The knock on it seems to be that it has tempi that are too fast and that his plating leaves one cold.


----------



## Helgi

I love it, I think he's brilliant. It's an exciting set and very well recorded. I'm still in the process of getting to know the sonatas and so my opinion may change, but at the moment I'm just waiting for a good deal on it 

What I've read into some of the criticism is something along the lines of: "he's a young artist with a huge advertising budget, and it can't be that good so I'm not buying into it". People don't want to look like they drank the kool-aid.

Edit: of course, I'm not saying that everyone who finds faults with it is doing so as a reaction to marketing hype, but you know — it's a thing.


----------



## VitellioScarpia

I will offer a dissenting voice. I bought the set of late piano sonatas upon reading accolades from many critics. I do admire his pianism (I would kill to be able to play the piano like he does and I am sure many pianists would feel the same way). Unfortunately, in his desire to not interfere with the music seems to have taken him completely out of the picture as a person. Levit gives an aseptic reading that leaves me cold: I admire it but I do not love it as it does communicate _nothing_ to me.


----------



## Animal the Drummer

Agree. I'm not generally a fan of over-personalised performances but for my taste Levit goes too far in the opposite direction.


----------



## Helgi

I suppose what draws me in is the sense of enthusiasm and energy — it doesn't leave me cold at all.

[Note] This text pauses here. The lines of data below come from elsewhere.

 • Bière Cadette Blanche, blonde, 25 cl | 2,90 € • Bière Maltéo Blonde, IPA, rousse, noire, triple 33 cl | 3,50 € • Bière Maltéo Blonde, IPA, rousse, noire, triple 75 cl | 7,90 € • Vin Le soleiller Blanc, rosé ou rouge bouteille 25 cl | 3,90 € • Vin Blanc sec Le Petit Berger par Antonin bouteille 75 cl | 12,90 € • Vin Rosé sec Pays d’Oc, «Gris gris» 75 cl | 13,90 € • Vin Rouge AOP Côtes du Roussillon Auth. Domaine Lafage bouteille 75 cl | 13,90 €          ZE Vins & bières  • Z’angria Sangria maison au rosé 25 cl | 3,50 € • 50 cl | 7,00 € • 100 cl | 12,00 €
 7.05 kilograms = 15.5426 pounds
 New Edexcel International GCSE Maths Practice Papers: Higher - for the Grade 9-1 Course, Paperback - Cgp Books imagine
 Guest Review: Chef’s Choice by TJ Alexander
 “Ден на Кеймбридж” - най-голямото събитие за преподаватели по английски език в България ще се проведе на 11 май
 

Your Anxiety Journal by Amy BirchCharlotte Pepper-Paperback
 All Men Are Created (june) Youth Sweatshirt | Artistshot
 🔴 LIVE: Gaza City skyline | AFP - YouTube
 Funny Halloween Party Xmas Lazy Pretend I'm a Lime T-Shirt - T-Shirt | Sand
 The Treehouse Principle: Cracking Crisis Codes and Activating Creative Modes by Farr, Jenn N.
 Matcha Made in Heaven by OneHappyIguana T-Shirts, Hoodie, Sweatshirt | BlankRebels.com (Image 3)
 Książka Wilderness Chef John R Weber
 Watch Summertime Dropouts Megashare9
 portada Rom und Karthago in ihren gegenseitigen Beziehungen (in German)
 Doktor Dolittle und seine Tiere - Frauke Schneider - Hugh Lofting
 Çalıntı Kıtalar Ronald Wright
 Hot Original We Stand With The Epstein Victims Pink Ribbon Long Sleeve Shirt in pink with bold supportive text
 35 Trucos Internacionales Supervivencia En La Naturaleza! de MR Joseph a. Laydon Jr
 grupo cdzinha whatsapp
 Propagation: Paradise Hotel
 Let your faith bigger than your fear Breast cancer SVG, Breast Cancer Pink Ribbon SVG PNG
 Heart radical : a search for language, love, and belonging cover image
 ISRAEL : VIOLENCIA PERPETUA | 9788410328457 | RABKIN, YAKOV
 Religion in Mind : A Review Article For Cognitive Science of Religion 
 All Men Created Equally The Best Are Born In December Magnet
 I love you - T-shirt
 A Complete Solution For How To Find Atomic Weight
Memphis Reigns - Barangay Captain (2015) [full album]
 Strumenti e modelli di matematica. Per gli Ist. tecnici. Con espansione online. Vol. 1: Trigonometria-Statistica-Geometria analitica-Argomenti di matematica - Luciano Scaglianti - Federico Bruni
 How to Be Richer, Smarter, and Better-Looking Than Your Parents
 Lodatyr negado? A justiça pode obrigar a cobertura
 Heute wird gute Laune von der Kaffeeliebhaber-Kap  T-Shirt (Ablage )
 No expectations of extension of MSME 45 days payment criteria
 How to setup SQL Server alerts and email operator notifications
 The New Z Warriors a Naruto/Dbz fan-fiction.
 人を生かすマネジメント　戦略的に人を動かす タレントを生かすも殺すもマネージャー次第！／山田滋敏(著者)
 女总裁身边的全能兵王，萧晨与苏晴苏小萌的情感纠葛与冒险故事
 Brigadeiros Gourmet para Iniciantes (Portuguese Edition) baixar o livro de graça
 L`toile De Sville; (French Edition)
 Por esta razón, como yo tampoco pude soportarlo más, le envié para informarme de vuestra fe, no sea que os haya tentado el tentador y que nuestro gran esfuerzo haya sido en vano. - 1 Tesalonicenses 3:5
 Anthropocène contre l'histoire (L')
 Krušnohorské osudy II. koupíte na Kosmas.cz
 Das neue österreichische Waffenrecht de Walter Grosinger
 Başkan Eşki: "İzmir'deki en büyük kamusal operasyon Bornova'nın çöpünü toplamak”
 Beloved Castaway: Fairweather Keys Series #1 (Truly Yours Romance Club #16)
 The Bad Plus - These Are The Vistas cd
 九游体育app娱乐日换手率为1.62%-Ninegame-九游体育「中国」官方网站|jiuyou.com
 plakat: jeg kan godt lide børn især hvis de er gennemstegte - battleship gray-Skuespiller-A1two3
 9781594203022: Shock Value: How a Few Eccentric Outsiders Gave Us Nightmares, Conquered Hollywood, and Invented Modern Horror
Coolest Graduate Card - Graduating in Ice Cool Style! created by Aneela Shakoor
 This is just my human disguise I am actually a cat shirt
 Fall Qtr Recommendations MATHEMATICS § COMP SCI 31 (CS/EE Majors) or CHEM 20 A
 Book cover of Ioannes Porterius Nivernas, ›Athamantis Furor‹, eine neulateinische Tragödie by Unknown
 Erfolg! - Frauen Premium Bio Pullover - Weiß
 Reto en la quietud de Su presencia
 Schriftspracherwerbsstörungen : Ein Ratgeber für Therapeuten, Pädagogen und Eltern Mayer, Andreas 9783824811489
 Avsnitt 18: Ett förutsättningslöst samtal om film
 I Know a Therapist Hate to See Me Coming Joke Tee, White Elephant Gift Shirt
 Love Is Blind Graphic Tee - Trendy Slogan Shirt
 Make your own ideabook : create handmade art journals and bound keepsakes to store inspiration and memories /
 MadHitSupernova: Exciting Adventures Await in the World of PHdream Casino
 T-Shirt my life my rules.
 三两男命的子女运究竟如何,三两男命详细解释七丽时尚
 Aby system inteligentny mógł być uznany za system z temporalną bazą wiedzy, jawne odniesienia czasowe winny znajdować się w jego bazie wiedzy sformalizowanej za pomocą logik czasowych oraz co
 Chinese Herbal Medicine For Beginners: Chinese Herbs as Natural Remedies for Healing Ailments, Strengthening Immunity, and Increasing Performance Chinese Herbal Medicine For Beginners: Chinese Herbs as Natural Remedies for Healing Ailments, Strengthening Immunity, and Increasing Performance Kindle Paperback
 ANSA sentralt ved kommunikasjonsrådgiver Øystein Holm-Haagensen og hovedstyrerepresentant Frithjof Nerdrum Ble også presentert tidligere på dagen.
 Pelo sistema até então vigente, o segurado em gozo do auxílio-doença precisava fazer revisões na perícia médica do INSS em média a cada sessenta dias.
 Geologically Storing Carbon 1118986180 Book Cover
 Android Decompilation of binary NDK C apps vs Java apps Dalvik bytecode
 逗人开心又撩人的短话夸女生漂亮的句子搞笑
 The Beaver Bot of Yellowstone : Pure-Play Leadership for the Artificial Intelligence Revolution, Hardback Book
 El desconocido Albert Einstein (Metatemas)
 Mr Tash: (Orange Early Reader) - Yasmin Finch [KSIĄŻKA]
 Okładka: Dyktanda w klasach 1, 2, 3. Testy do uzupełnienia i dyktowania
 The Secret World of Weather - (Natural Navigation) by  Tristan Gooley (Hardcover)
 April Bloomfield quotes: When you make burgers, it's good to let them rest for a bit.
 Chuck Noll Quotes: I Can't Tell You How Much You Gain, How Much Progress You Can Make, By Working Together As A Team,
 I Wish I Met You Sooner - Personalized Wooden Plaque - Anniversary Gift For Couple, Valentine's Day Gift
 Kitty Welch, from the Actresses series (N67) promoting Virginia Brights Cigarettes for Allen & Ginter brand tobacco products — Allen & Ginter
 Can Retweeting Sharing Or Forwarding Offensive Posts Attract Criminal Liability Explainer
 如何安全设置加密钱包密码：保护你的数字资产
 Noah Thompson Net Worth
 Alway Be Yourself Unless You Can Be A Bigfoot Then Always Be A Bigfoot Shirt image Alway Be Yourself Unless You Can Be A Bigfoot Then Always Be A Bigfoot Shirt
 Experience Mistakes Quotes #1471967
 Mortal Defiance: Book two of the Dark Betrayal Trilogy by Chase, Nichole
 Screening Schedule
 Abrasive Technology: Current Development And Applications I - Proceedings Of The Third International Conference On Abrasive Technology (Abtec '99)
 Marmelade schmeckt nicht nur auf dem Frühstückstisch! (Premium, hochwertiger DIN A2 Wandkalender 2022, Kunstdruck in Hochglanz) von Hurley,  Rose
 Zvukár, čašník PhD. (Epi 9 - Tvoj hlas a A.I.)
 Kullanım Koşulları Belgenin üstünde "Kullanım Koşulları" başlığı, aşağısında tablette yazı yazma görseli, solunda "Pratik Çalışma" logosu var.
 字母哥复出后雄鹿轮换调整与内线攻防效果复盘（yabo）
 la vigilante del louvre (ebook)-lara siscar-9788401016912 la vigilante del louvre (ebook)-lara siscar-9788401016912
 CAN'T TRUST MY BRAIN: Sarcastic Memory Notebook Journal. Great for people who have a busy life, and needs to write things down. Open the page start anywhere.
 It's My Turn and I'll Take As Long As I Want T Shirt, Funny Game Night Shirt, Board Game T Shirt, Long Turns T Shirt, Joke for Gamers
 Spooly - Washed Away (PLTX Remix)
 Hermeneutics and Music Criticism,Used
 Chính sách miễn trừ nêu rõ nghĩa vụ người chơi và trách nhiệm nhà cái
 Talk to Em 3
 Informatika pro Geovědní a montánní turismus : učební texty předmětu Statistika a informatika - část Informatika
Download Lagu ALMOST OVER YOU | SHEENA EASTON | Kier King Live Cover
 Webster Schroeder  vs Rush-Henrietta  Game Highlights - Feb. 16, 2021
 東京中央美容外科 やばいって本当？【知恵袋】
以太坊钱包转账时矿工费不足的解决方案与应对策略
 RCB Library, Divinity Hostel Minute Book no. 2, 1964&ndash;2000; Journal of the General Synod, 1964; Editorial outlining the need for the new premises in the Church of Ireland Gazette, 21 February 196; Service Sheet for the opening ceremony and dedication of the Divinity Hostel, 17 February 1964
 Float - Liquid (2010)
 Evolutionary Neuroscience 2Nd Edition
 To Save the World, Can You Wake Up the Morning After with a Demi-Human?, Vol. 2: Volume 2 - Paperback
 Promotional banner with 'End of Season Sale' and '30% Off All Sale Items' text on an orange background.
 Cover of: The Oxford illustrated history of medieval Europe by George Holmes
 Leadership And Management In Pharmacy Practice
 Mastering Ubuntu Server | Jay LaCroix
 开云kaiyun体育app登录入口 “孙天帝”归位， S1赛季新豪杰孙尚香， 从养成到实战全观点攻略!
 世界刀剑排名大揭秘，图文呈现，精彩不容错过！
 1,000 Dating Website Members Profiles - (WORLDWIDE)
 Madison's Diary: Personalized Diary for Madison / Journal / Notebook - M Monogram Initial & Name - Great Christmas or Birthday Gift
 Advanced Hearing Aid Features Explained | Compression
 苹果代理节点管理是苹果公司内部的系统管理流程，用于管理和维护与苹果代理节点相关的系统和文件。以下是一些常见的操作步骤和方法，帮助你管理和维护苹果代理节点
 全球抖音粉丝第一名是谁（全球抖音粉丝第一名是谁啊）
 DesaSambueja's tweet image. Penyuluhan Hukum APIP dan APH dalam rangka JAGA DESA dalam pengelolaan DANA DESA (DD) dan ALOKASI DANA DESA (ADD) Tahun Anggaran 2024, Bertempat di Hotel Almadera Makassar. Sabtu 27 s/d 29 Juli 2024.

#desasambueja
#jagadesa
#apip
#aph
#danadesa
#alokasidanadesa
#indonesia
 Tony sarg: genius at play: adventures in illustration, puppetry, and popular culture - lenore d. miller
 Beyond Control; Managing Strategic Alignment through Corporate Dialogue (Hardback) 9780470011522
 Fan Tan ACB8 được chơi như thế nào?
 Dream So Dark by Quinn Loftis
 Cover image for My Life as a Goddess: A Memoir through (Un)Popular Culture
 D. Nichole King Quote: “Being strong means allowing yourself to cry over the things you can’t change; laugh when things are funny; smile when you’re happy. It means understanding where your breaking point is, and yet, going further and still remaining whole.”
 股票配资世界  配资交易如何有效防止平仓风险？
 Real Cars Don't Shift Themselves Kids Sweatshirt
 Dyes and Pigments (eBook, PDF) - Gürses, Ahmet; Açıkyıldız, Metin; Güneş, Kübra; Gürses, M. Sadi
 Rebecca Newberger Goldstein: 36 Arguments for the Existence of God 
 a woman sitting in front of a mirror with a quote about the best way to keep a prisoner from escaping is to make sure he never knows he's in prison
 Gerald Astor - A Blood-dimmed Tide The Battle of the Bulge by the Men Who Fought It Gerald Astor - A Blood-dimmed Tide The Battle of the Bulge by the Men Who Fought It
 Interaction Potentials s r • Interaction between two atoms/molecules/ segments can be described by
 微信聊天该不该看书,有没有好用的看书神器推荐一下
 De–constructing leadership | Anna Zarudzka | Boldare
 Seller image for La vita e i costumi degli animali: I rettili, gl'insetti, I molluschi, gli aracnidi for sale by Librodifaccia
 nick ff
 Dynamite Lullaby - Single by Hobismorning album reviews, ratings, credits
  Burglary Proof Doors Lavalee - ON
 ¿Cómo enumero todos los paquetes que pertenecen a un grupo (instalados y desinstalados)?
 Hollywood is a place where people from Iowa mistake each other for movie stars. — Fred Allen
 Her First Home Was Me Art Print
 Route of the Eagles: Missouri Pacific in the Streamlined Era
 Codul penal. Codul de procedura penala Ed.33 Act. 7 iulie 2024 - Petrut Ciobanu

But different people hear different things; another one that leaves some people cold is András Schiff, but I enjoy his Beethoven set on ECM a great deal.


----------



## WildThing

Helgi said:


> I love it, I think he's brilliant. It's an exciting set and very well recorded.


Yup, I'm in total agreement. I enjoy Levit in this repetoire quite a bit. I've heard some of the same criticisms -- too "cold" -- about another one of my favorite sets, Gulda's Amadeo cycle, but don't hear it that way myself.

Of course not all of the criticism to the set has been negative. It received a glowing review from Jed Distler, and David Hurwitz said he believed it was a great cycle in his survey on the sonatas.


----------



## Helgi

A Hurwitz endorsement and ads everywhere, what's not to like? :devil:

I hope I didn't offend anyone with my little outburst above. I've seen Levit's Beethoven described as anodyne, anonymous, dull, lacking in character, etc. When Víkingur Ólafsson's _Debussy Rameau_ came out the other day I saw the same criticisms, which didn't make any sense to me either. So my (probably unfair) reaction is to see it as a knee-jerk reaction to anything new that's been hyped by the media.


----------



## VitellioScarpia

To each his own... I like Beethoven a bit gruffer, more ill-tempered, sarcastic, and ultimately more human than Levit's. As I said earlier, Levit's pianism is enviable and the recording quality is fantastic. Being irreverent, I wish he had restrained the ideological in his interpretation and let himself go, with that technique he could have destroyed a grand piano. It is a valid interpretation, it just does not engage me as I wished it had engaged me. For example, with Op. 111 the heavens didn't storm cataclysmically in the first movement, and the variations did not take me to heaven and then back to earth at the end with the consolation that others have found. Again, I am basing these opinions on my assessment of the late sonatas only. I have not listened to the full set.


----------



## Allegro Con Brio

VitellioScarpia said:


> To each his own... I like Beethoven a bit gruffer, more ill-tempered, sarcastic, and ultimately more human than Levit's. As I said earlier, Levit's pianism is enviable and the recording quality is fantastic. Being irreverent, I wish he had restrained the ideological in his interpretation and let himself go, with that technique he could have destroyed a grand piano. It is a valid interpretation, it just does not engage me as I wished it had engaged me. For example, with Op. 111 the heavens didn't storm cataclysmically in the first movement, and the variations did not take me to heaven and then back to earth at the end with the consolation that others have found. Again, I am basing these opinions on my assessment of the late sonatas only. I have not listened to the full set.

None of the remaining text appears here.